Captioned web images
- Opening Delimiter -
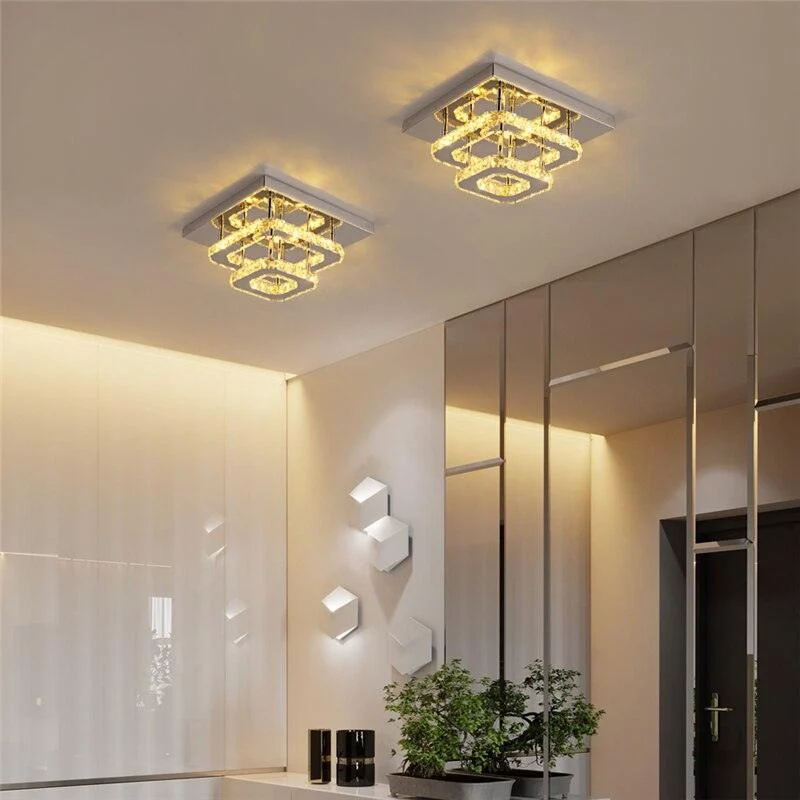 K9 Crystal LED Chandelier Ceiling Lamp -  - #tag1#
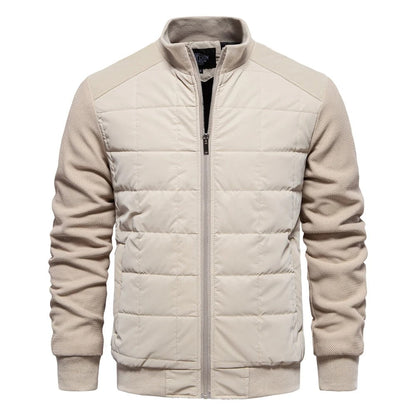 Veste Homme Polaire Epaisse Coupe Décontractée
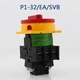 1PC New In Box For EATON MOELLER Disconnect Switch P1-32/EA/SVB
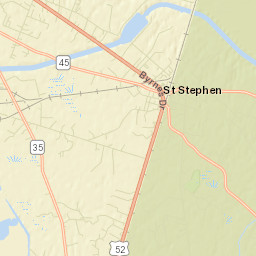 Saint Stephen Street Map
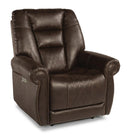 Flexsteel Maverick Power Recliner with Power Headrest and Lumbar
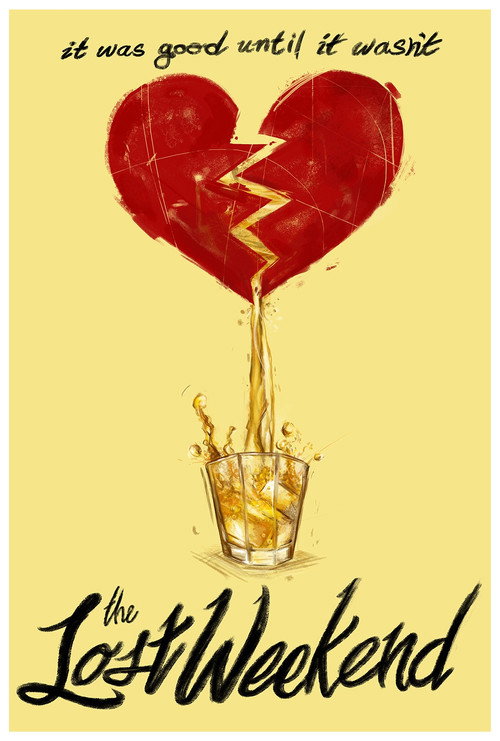The Lost Weekend Poster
- Closing Delimiter -
DIRECTIONS -> Each entry should come back exactly as written, with its pictures omitted.

FINISHED TASK ->
 K9 Crystal LED Chandelier Ceiling Lamp -  - #tag1#
 Veste Homme Polaire Epaisse Coupe Décontractée
 1PC New In Box For EATON MOELLER Disconnect Switch P1-32/EA/SVB
 Saint Stephen Street Map
 Flexsteel Maverick Power Recliner with Power Headrest and Lumbar
The Lost Weekend Poster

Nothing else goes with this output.